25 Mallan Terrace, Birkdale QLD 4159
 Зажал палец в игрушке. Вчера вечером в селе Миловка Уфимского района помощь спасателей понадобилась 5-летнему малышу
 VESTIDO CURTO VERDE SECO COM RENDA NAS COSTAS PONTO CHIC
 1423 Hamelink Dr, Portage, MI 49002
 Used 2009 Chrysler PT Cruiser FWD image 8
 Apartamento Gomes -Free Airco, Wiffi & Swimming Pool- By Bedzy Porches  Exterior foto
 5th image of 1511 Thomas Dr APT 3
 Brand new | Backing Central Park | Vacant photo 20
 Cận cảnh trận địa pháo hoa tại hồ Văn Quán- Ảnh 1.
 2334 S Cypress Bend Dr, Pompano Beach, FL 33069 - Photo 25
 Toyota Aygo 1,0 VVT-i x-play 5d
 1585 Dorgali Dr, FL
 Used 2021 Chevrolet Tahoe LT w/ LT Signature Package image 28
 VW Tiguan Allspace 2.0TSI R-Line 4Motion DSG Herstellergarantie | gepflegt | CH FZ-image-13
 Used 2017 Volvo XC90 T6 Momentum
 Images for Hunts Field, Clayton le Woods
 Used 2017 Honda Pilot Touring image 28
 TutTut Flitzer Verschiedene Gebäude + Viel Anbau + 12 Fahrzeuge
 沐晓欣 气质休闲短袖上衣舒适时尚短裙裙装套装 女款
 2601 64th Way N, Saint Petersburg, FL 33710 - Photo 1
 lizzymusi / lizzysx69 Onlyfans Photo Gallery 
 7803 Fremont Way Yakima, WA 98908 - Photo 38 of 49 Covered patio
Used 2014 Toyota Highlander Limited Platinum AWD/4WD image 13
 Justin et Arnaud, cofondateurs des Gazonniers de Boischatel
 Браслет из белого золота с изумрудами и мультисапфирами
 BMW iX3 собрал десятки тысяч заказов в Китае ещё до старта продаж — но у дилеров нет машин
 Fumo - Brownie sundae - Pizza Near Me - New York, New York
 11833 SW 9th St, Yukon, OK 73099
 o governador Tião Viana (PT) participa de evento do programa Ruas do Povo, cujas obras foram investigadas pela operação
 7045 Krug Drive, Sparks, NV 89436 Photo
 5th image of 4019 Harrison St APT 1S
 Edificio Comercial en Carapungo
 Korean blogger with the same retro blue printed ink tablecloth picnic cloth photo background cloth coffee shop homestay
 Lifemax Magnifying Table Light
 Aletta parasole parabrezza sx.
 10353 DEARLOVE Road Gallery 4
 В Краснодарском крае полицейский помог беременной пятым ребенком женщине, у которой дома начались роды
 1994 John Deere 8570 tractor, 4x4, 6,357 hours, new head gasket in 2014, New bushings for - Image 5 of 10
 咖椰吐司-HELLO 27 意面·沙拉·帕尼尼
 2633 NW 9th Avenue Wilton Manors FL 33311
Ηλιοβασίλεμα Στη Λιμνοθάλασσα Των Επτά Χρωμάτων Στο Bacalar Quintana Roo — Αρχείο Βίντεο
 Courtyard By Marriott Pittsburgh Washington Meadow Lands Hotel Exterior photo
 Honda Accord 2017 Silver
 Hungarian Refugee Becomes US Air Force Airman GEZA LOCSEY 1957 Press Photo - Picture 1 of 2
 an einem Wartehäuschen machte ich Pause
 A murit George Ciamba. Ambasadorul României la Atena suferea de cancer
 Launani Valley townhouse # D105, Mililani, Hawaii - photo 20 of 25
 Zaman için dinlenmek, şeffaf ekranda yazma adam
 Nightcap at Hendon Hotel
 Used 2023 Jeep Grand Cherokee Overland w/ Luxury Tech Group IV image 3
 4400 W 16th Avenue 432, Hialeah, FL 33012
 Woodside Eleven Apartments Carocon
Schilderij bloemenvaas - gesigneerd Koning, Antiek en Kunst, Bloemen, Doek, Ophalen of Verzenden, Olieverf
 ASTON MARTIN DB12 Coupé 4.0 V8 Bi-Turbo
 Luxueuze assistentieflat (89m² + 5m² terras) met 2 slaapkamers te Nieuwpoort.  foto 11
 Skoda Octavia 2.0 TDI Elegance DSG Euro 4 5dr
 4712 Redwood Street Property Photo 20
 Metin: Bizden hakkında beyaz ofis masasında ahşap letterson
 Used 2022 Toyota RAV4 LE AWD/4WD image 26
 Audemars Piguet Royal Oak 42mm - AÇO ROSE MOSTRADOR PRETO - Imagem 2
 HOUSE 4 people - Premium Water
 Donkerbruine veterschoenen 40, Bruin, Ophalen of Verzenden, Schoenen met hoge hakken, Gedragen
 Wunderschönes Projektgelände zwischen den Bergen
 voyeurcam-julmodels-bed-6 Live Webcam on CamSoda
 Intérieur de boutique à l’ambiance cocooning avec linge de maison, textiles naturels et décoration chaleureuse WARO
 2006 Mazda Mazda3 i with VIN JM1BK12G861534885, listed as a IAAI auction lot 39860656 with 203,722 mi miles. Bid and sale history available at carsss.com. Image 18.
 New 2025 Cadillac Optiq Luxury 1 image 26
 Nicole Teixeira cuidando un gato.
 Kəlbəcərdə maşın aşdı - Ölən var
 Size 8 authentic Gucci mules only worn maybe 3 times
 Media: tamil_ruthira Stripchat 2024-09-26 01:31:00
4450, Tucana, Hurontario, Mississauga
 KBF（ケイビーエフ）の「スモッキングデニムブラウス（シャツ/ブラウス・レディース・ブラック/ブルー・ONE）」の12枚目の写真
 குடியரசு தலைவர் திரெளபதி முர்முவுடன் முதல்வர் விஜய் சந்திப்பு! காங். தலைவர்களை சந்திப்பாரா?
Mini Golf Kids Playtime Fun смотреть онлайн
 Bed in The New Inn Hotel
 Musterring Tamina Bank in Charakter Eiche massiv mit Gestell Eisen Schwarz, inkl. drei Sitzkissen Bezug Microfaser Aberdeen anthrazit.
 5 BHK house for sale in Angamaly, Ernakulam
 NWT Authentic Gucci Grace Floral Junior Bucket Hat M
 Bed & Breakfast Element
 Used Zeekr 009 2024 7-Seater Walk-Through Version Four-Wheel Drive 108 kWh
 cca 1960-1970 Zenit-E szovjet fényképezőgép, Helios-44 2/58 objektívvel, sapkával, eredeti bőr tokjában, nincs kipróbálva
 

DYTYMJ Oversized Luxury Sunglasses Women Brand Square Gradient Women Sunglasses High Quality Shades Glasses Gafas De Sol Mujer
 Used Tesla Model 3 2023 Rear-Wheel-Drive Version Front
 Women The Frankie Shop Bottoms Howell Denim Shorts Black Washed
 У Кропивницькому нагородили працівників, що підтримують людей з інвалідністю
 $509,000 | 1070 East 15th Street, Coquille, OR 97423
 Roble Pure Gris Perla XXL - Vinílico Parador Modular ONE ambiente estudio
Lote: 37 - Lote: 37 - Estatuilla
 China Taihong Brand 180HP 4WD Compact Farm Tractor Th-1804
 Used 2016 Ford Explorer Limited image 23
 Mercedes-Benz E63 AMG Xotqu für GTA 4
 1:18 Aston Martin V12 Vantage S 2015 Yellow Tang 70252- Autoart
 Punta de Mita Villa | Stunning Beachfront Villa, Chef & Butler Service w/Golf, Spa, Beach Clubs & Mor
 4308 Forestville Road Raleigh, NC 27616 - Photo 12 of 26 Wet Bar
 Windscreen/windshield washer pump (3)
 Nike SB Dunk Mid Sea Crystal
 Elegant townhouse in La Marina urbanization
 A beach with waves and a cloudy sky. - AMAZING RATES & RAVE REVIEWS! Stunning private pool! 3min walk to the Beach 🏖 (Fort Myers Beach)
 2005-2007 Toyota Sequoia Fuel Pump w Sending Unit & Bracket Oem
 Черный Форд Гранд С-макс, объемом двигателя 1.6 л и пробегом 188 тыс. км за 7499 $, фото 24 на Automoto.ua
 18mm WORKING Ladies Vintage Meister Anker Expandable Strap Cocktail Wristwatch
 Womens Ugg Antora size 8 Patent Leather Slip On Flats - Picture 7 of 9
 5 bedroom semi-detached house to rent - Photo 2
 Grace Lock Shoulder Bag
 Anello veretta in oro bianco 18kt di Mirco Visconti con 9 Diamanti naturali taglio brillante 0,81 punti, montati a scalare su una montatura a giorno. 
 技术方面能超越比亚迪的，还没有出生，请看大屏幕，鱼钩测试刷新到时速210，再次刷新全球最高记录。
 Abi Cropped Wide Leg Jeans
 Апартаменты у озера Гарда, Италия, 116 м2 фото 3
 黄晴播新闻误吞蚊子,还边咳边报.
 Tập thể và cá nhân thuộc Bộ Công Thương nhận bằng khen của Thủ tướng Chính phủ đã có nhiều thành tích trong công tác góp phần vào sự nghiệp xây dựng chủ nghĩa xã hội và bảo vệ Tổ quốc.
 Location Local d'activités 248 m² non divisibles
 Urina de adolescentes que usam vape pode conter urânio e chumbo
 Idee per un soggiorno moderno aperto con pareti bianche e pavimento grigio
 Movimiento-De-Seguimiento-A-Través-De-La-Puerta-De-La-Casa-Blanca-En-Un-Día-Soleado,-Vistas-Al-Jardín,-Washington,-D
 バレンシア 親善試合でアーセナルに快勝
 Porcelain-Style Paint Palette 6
*-*-*
Work instruction
What are the lines, exactly as written above, from the line with "Ηλιοβασίλεμα Στη Λιμνοθάλασσα" to the line with "Donkerbruine veterschoenen 40, Bruin, Ophalen", both included? Output only those.

Your response
Ηλιοβασίλεμα Στη Λιμνοθάλασσα Των Επτά Χρωμάτων Στο Bacalar Quintana Roo — Αρχείο Βίντεο
 Courtyard By Marriott Pittsburgh Washington Meadow Lands Hotel Exterior photo
 Honda Accord 2017 Silver
 Hungarian Refugee Becomes US Air Force Airman GEZA LOCSEY 1957 Press Photo - Picture 1 of 2
 an einem Wartehäuschen machte ich Pause
 A murit George Ciamba. Ambasadorul României la Atena suferea de cancer
 Launani Valley townhouse # D105, Mililani, Hawaii - photo 20 of 25
 Zaman için dinlenmek, şeffaf ekranda yazma adam
 Nightcap at Hendon Hotel
 Used 2023 Jeep Grand Cherokee Overland w/ Luxury Tech Group IV image 3
 4400 W 16th Avenue 432, Hialeah, FL 33012
 Woodside Eleven Apartments Carocon
Schilderij bloemenvaas - gesigneerd Koning, Antiek en Kunst, Bloemen, Doek, Ophalen of Verzenden, Olieverf
 ASTON MARTIN DB12 Coupé 4.0 V8 Bi-Turbo
 Luxueuze assistentieflat (89m² + 5m² terras) met 2 slaapkamers te Nieuwpoort.  foto 11
 Skoda Octavia 2.0 TDI Elegance DSG Euro 4 5dr
 4712 Redwood Street Property Photo 20
 Metin: Bizden hakkında beyaz ofis masasında ahşap letterson
 Used 2022 Toyota RAV4 LE AWD/4WD image 26
 Audemars Piguet Royal Oak 42mm - AÇO ROSE MOSTRADOR PRETO - Imagem 2
 HOUSE 4 people - Premium Water
 Donkerbruine veterschoenen 40, Bruin, Ophalen of Verzenden, Schoenen met hoge hakken, Gedragen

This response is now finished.